Ксения Петербургская - страница 5
Слова Ксении звучали так убедительно! Антонова, с молодых лет знавшая ее и ни разу за эти годы не слышавшая от нее ни слова лжи, поверила и на сей раз. Должно быть, случилось что-то действительно особенное, ведь Ксения ходит везде и знает все новости. Вот и ей что-то сообщает, правда, весьма странное! Антонова быстро собралась и побежала на Смоленское кладбище.
На одной из улиц Васильевского острова, вблизи Смоленского кладбища, Антонова увидела толпу народа. Влекомая любопытством, она протиснулась вперед, чтобы узнать, что случилось. Оказалось, что какой-то извозчик сбил беременную женщину, которая тут же на улице разрешилась от бремени мальчиком, а сама вскоре скончалась.
Сжалившись над новорожденным, Прасковья Антонова взяла ребенка к себе. Стали выяснять, кто были его отец и мать, но, несмотря на все старания петербургской полиции и самой благодетельницы, узнать этого не удалось. Так и остался мальчик у вдовы унтер-офицера. Она дала ему прекрасное воспитание и образование. Впоследствии он стал видным чиновником и до самой смерти заботился о своей приемной матери, был для нее почтительным и горячо любящим сыном. С глубоким благоговением относился он также и к памяти рабы Божией Ксении, которая так много добра сделала его приемной матери и такое участие приняла в его судьбе, едва родившегося и уже оставшегося круглым сиротой.

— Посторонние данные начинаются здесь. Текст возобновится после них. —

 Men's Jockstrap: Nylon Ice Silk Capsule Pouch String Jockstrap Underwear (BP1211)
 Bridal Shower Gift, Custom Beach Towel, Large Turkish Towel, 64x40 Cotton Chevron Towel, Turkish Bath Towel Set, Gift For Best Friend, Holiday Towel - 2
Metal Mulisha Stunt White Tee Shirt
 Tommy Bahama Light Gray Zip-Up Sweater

На Смоленском кладбище похоронен действительный статский советник (чин 4-го класса, соответствующий чину генерал-майора Табели о рангах Российской империи) Андрей Иванович Антонов. Он служил в Экспедиции заготовления бумаг для государственных ассигнований. Видимо, это и есть приемный сын Антоновой, названный, заметим, Андреем.
К сестрам Беляевым Ксения старалась ходить в отсутствие их мужей, которые ее недолюбливали…

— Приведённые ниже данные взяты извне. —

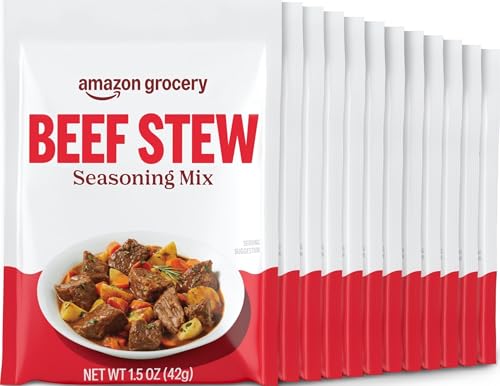 Amazon Grocery, Beef Stew Seasoning Mix, 13.8 Oz, 12 Ct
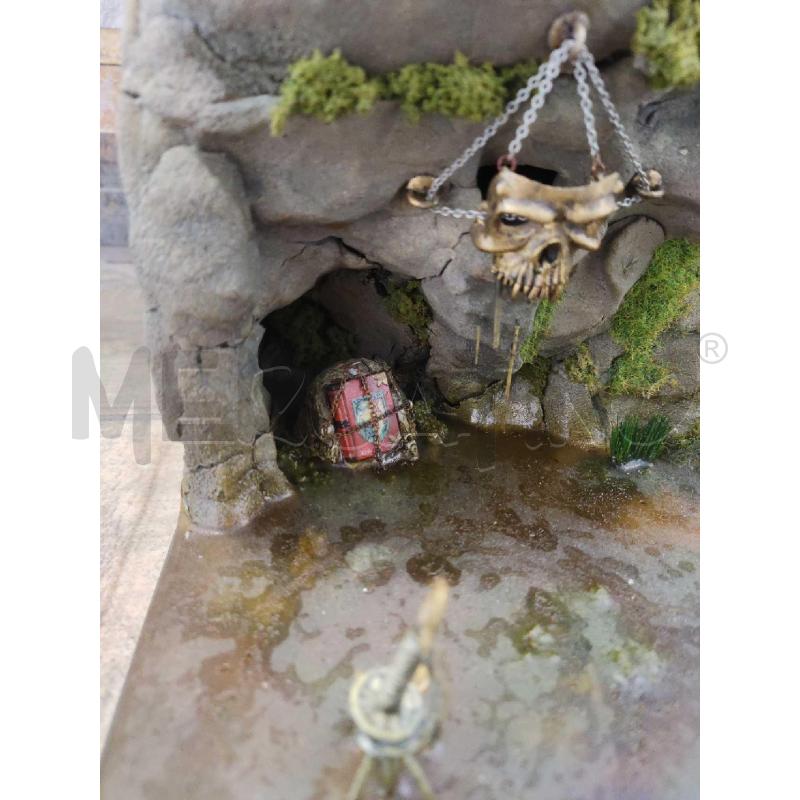 MODELLINO DIORAMA GUERRIERA CON CAVALLO E ANIMALE | Mercatino dell'Usato Settimo torinese 3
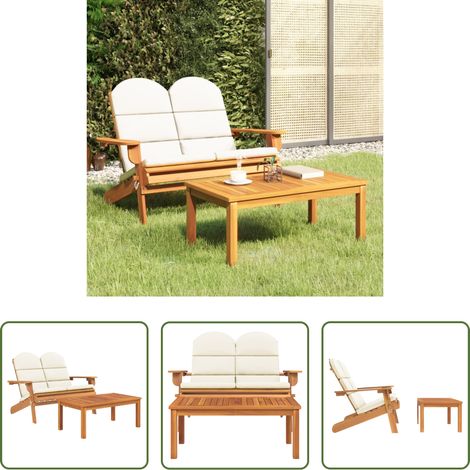 Banc de jardin - Ensemble de salon de jardin Adirondack 2 pcs bois acacia solide (1/5)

Однажды в предобеденное время зашла блаженная к Евдокии. Обрадованная ее приходом, Гайдукова тотчас начала накрывать на стол. Усадив Ксению, стала угощать ее «чем Бог послал». Обед кончился, и Евдокия принялась благодарить Ксению за ее посещение и извиняться за плохое угощение:
— Не взыщи, голубчик, Андрей Федорович, больше мне угостить тебя нечем. Сегодня ничего не готовила.
— Спасибо, матушка, спасибо за твое угощение, — отвечала Ксения. — Только зачем лукавить-то? Ведь побоялась же ты мне дать уточки!

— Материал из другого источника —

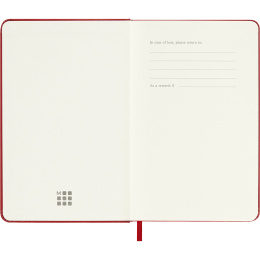 Kalender 18M WeekNote Hard Cover Pocket Red i gruppen Papir & Blokke / Kalendere / 18 mdr kalendere hos Pen Store (137021)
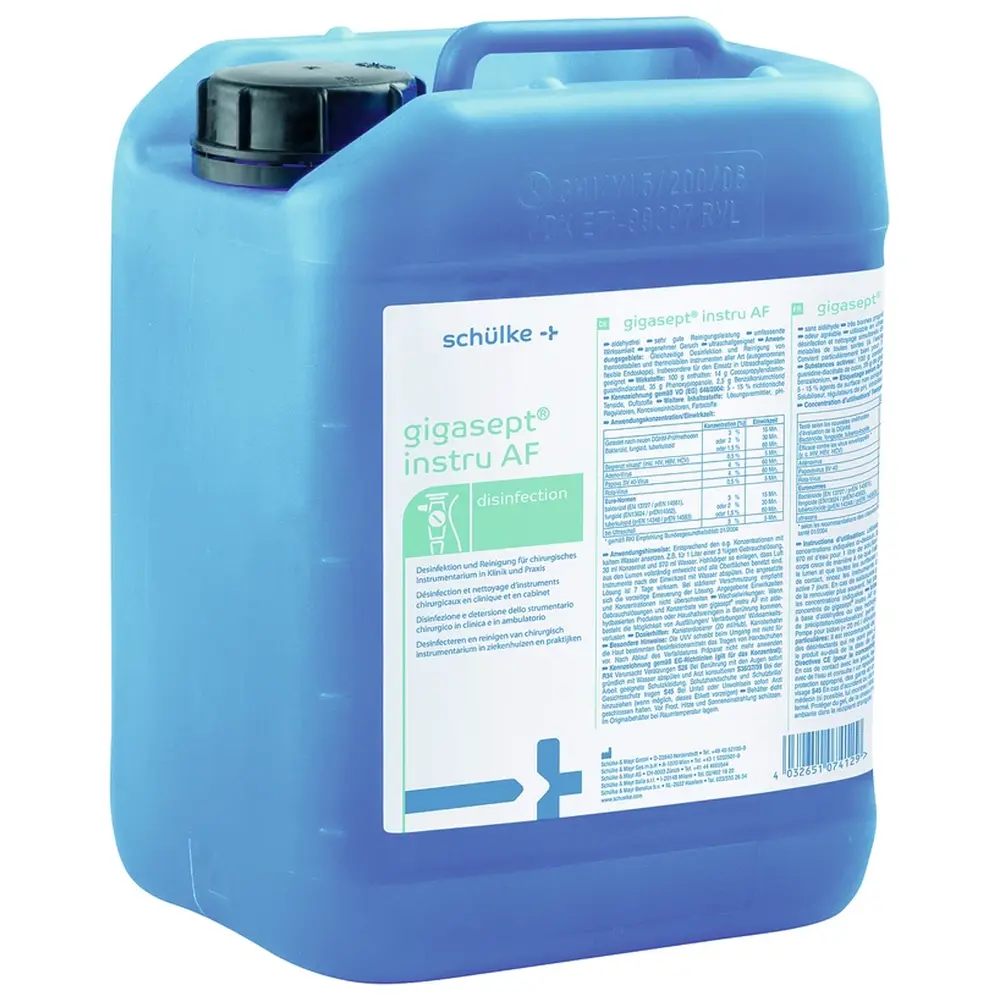 schülke gigasept® instru AF - Kanister 5 Liter schülke gigasept® instru AF - Kanister 5 Liter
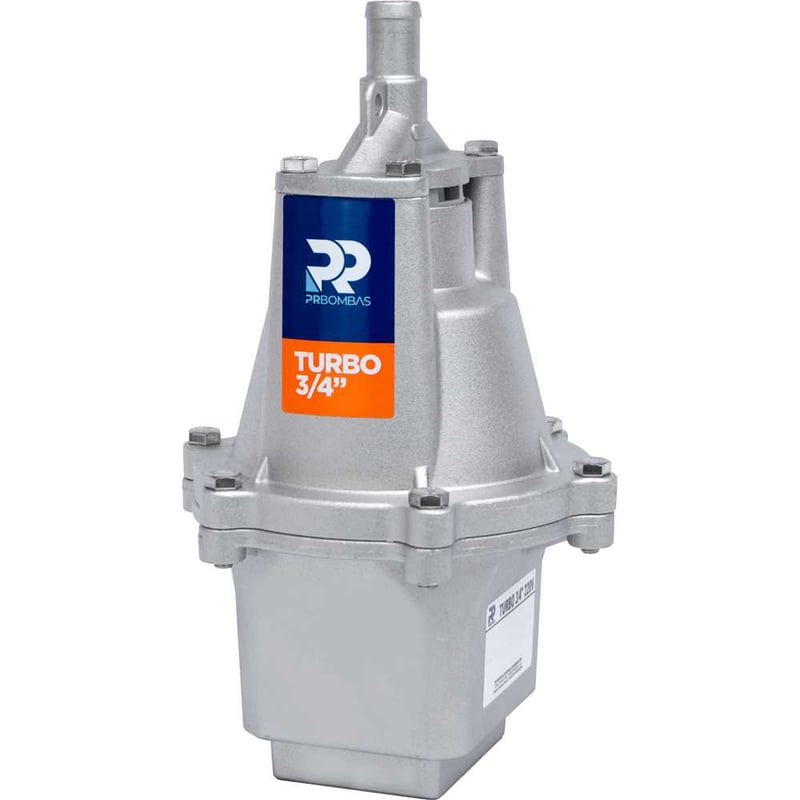 Bomba submersa 3/4", TURBO 800, parafusos zincados, 254 V~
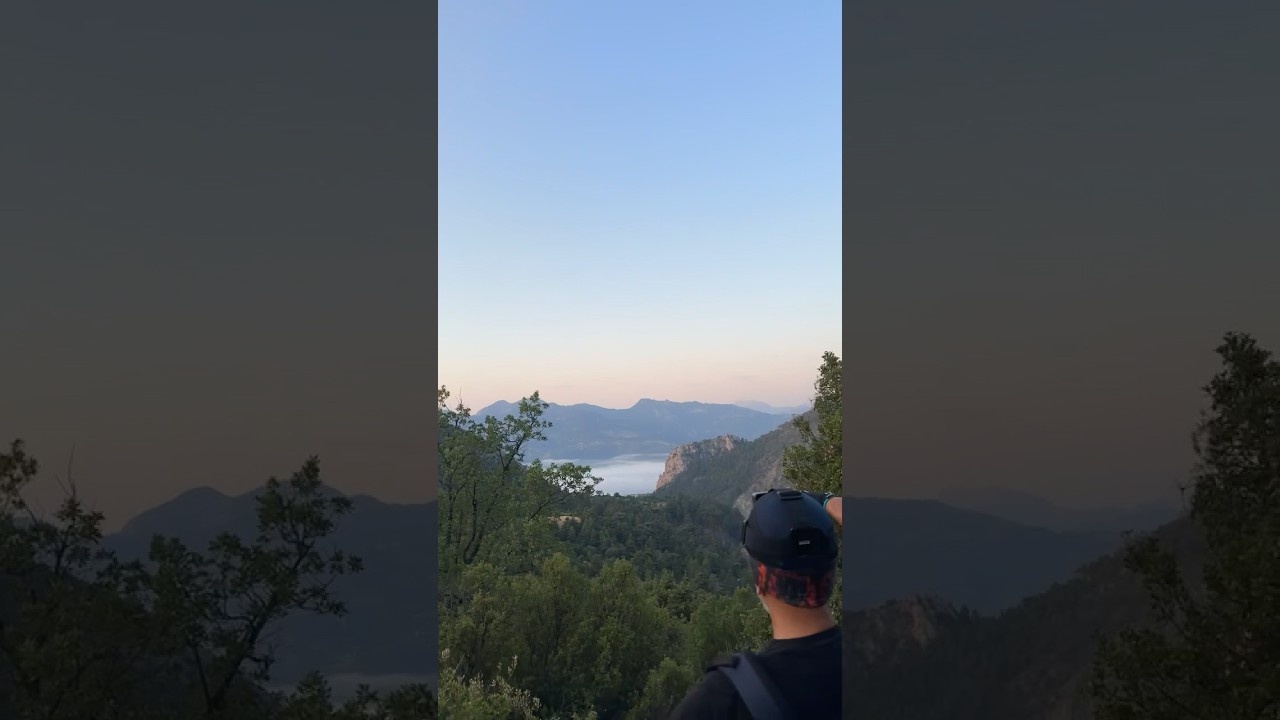 Sunrise Bike Ride Above the Clouds ☁️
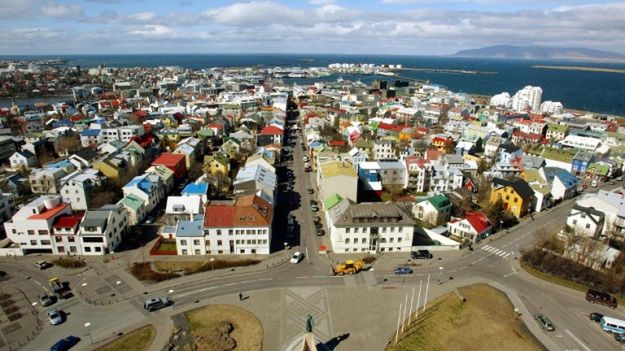 Reykjavik z lotu ptaka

Сильно сконфузилась Евдокия: в печи у нее действительно была жареная утка, которую она приберегла для отсутствующего мужа. Тут же бросилась хозяйка к печке и стала вынимать утку. Но Ксения остановила ее:
— Не надо, не надо, не хочу я утки. Ведь я знаю, что ты радехонька меня всем угостить, да боишься своей кобыльей головы. Зачем же его сердить?
«Кобыльей головой» Ксения называла мужа Евдокии Гайдуковой, которого очень не любила за пьянство, грубый характер и за скверную ругань в пьяном виде.
Об этом случае вскоре стало известно. Люди пытались еще и еще раз проверить «прозорливость» блаженной именно по части съестного. Например, звали ее в гости, имея пирог с рыбой, но, когда она «прозорливо» его требовала, говорили, что нет пирогов, не пекли…
— Нет, пекли, только не хотите давать, — уличала Ксения, приводя в восторг испытующих.
Все это можно было бы назвать суеверием простодушной толпы. Настоящая слава прозорливицы ждала Ксению впереди, но она отнюдь не желала никакой славы. Как сказано в акафисте[1] святой блаженной Ксении Петербургской, она «дар прозорливости смирением крайним и подвигом молитвы стяжавшая».
Тот же акафист дает ответ на вопрос, почему Ксения переименовала себя в «Андрей Федорыча», объясняет, что это не «блажь» сумасшедшей. «Именем мужским назвавшись, немощи женской отрешившаяся»… Приступив к тяжелейшему подвигу юродства во Христе, Ксения сознательно отсекла от себя все слабости женской натуры, предполагая вести жизнь суровую, без снисхождения к немощам Евиного рода.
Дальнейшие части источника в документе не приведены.